Avicularioidea is a clade of mygalomorph spiders, one of the two main clades into which mygalomorphs are divided (the other being the Atypoidea). It has been treated at the rank of superfamily.

==Taxonomy==
The division of the Mygalomorphae into two clades, Atypoidea and Avicularioidea, has been established in many studies. Avicularioidea has been treated as a superfamily (at one time including all mygalomorph spiders), although other authors have placed superfamilies, such as Theraphosoidea, within Avicularioidea. The name is based on the family name "Aviculariidae", a junior synonym of Theraphosidae, ultimately deriving from the genus Avicularia.

The Atypoidea retain some vestiges of abdominal segmentation in the form of dorsal tergites; the Avicularioidea lack these. Relationships within the Avicularioidea are not settled as of September 2018. Some established families have been shown not to be monophyletic.

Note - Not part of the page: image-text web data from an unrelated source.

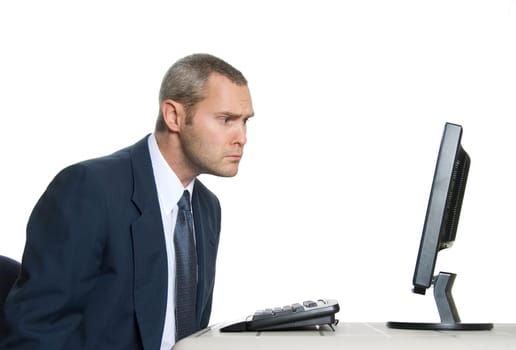 man in blue suit looking at lcd monitor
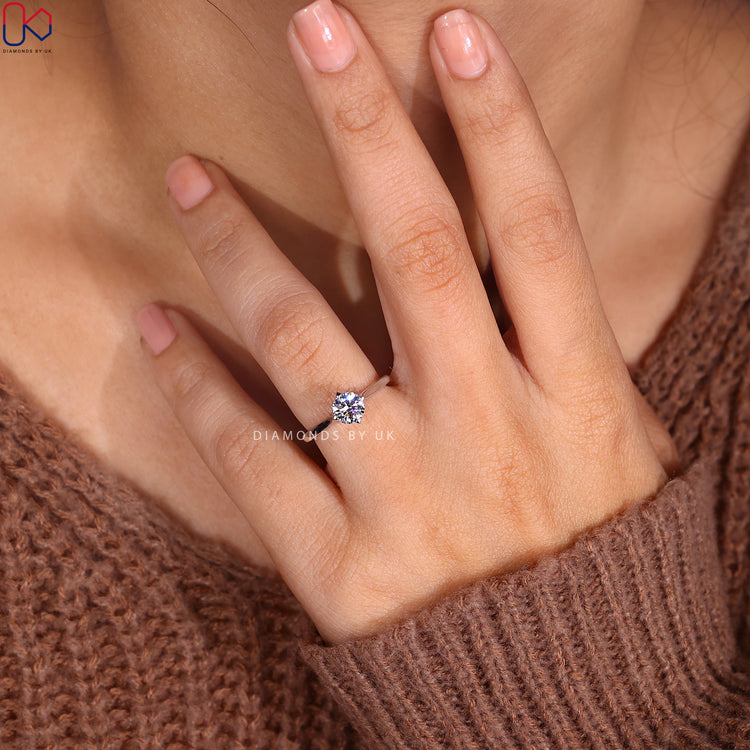 Round brilliant cut engagement ring with white gold band.
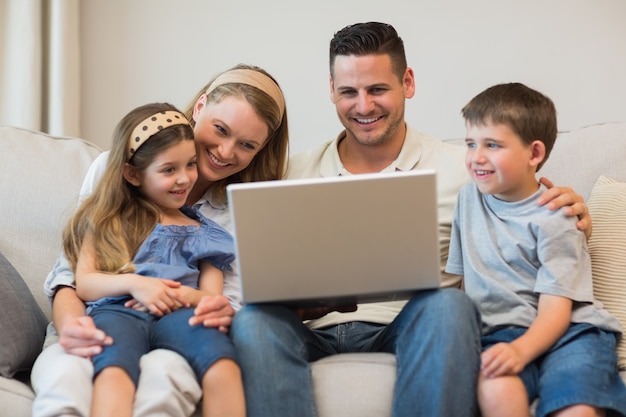 Familie die laptop samen op bank met behulp van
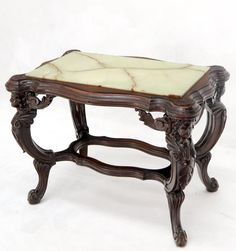 an ornate wooden bench with marble top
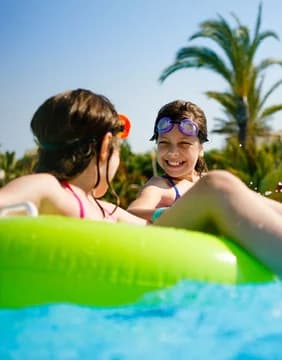 kids splashing and playing in pool with tube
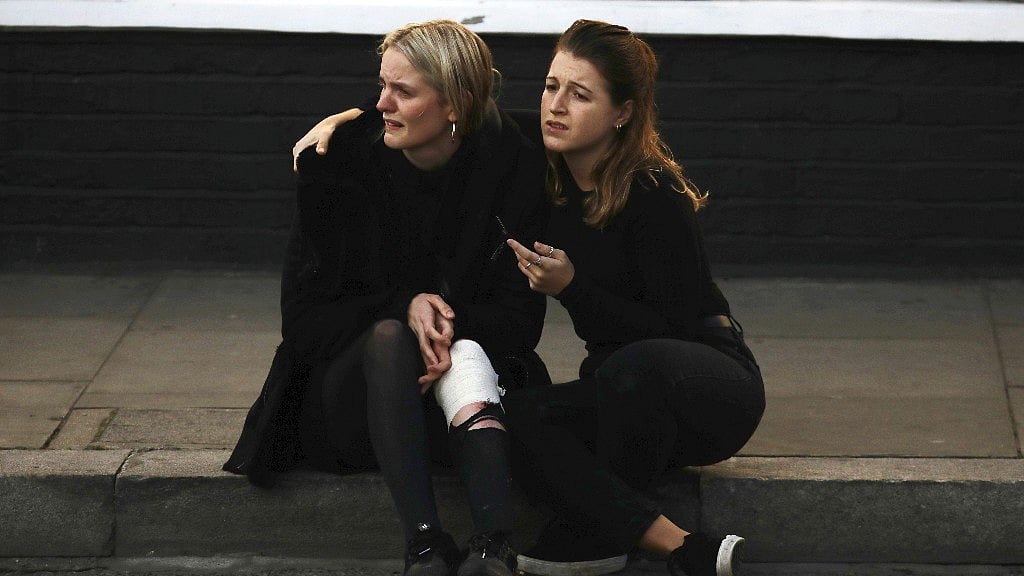 An injured woman reacts outside Parsons Green tube station in London.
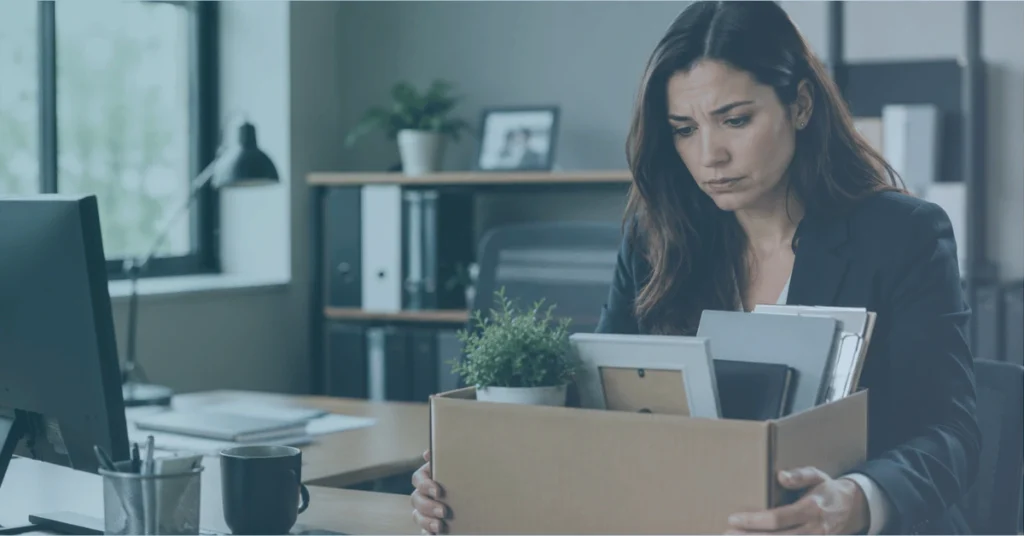 Concerned employee holding a box of office items after termination, illustrating potential FMLA wrongful termination.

In 2018, the family Hexathelidae was split up, and three new families created within the Avicularioidea: Atracidae, Macrothelidae, and Porrhothelidae. Further changes are possible in the future.

===Families===
The families included in the Avicularoidea as of January 2024 are:

- Actinopodidae
- Anamidae
- Atracidae – Australian funnel-web spiders
- Barychelidae – brushed trapdoor spiders
- Bemmeridae
- Ctenizidae
- Cyrtaucheniidae – wafer trapdoor spiders
- Dipluridae – curtain-web spiders
- Entypesidae
- Euagridae
- Euctenizidae
- Halonoproctidae
- Hexathelidae
- Idiopidae – armoured trapdoor spiders
- Ischnothelidae
- Macrothelidae
- Microhexuridae
- Microstigmatidae
- Migidae – tree trapdoor spiders
- Nemesiidae
- Paratropididae – baldlegged spiders
- Porrhothelidae
- Pycnothelidae
- Stasimopidae
- Theraphosidae – tarantulas

Also included is the extinct family Fossilcalcaridae (Cretaceous) and the incertae sedis genera Cretamygale (Cretaceous) and Rosamygale (Triassic).